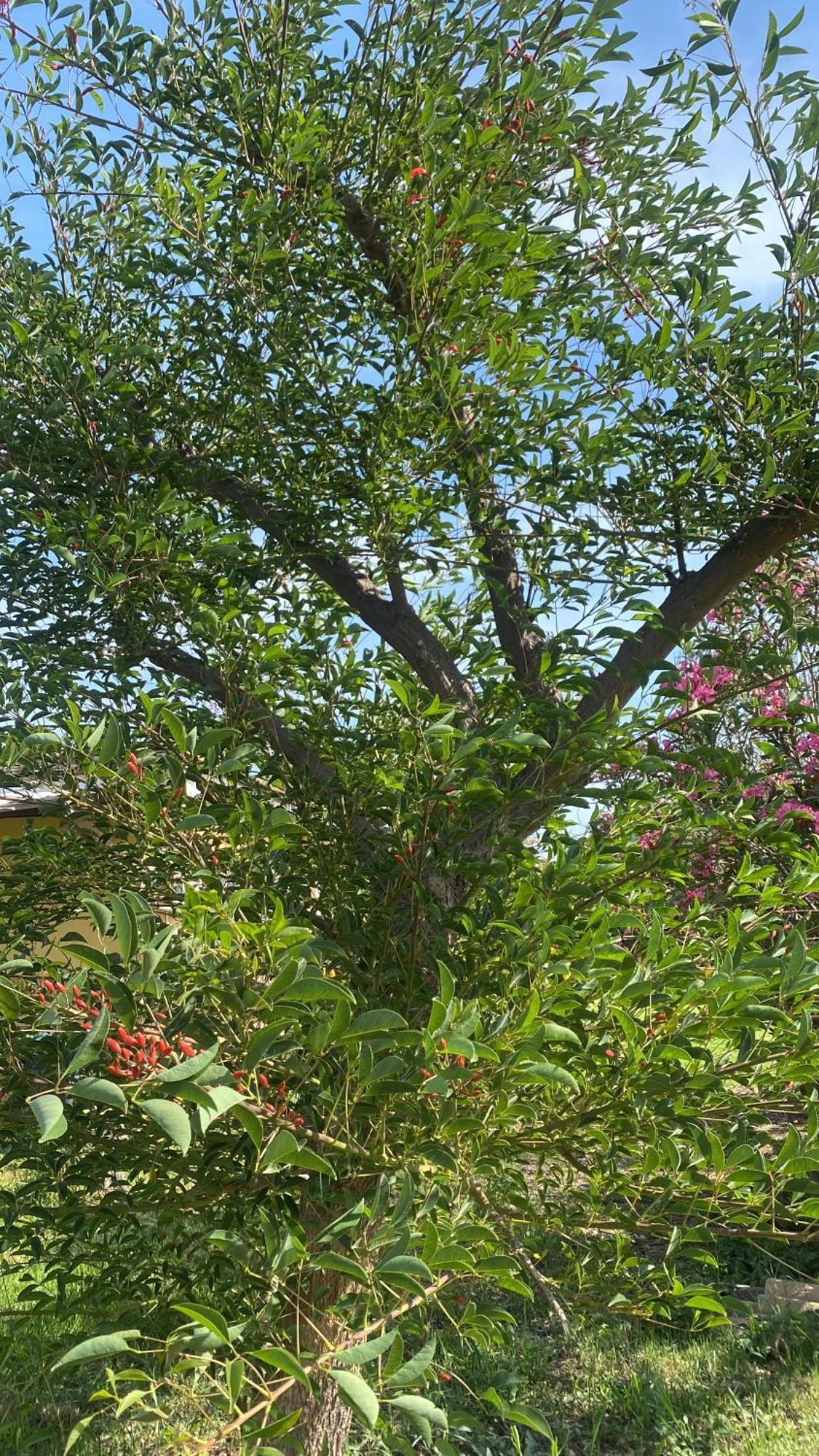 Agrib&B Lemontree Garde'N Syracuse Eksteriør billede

___

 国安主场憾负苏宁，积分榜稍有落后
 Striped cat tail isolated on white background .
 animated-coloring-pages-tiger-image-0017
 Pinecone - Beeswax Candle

___

§ **PROMPT**
Write out exactly the lines above from the line with "animated-coloring-pages-tiger-image-0017" through the line with "Pinecone - Beeswax Candle", both of them included, and leave out all other lines.

§ **OUTPUT OF THE EXERCISE**
 animated-coloring-pages-tiger-image-0017
 Pinecone - Beeswax Candle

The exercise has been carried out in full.